[Collected data entries]
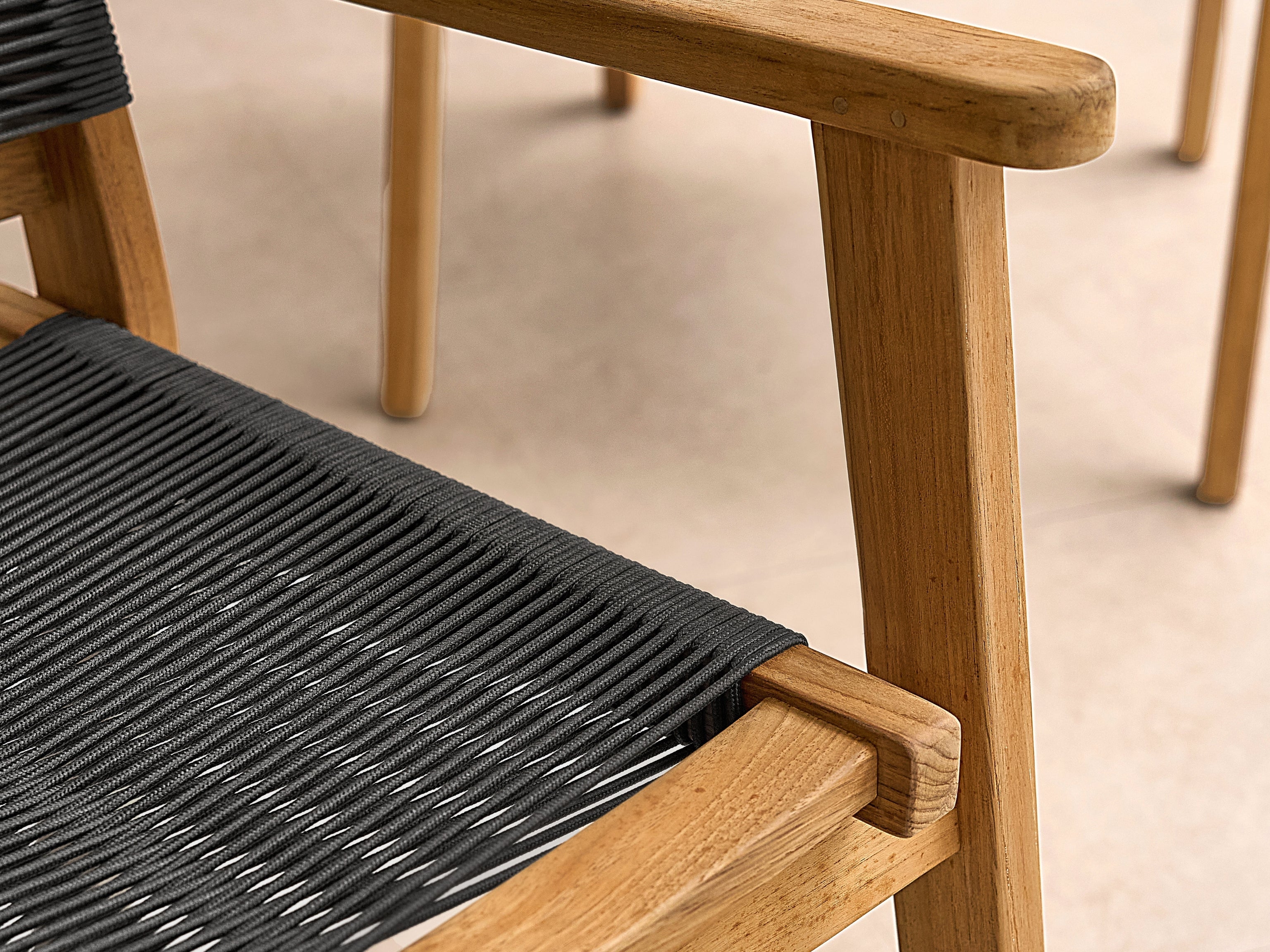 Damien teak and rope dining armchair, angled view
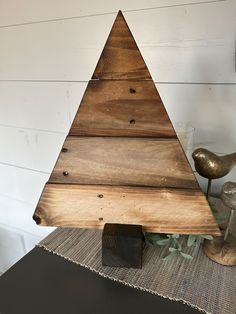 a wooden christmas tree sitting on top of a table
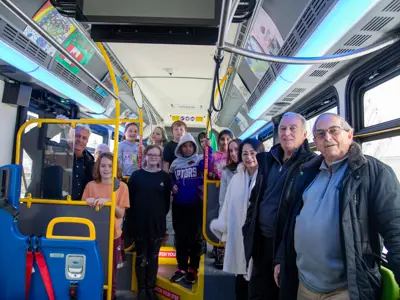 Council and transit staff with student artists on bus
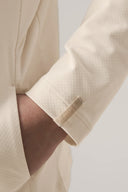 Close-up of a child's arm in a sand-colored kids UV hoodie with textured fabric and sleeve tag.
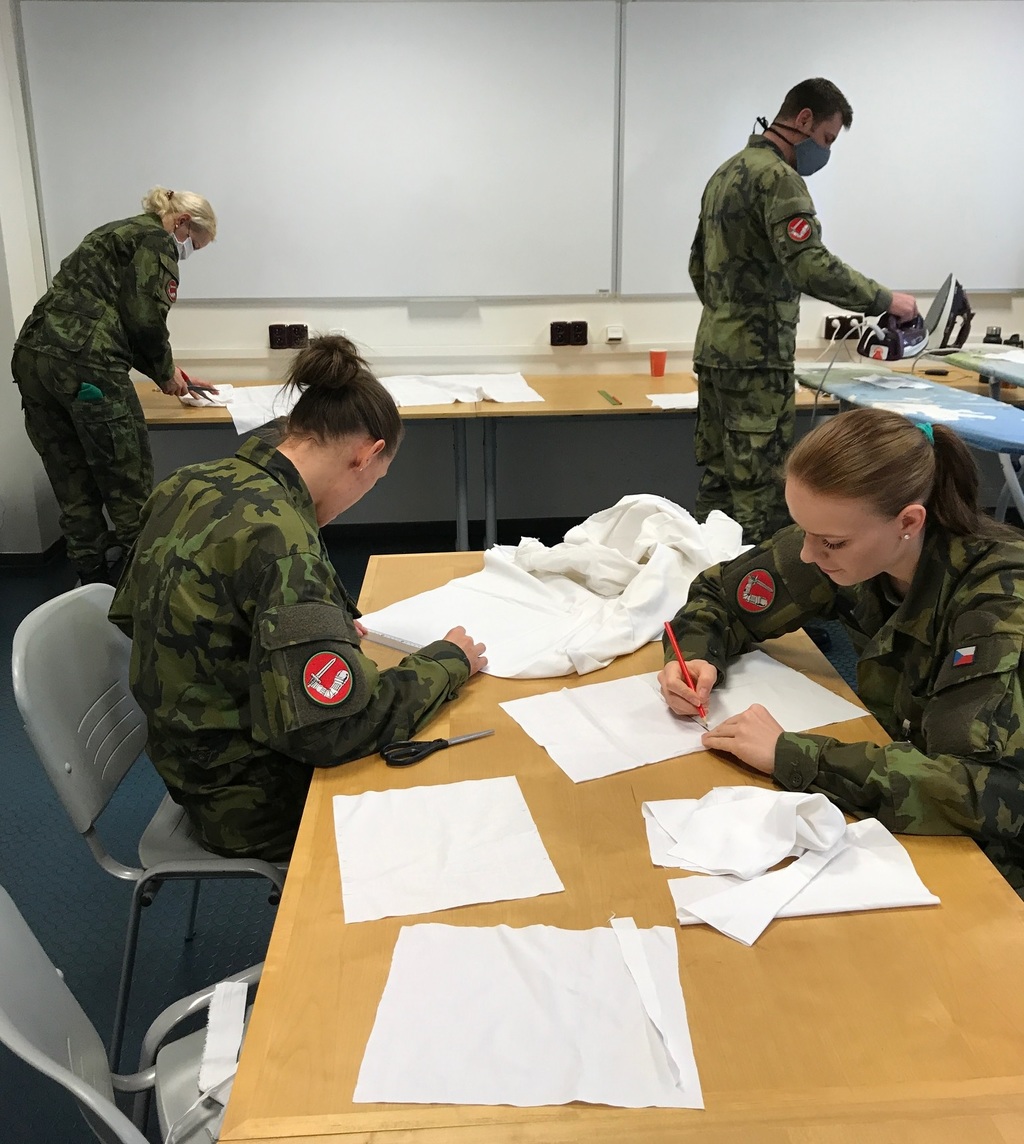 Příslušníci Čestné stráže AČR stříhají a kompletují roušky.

### WORK ORDER
Give back all of the entries above exactly, with the pictures excluded.

### FINISHED TASK
 Damien teak and rope dining armchair, angled view
 a wooden christmas tree sitting on top of a table
 Council and transit staff with student artists on bus
 Close-up of a child's arm in a sand-colored kids UV hoodie with textured fabric and sleeve tag.
 Příslušníci Čestné stráže AČR stříhají a kompletují roušky.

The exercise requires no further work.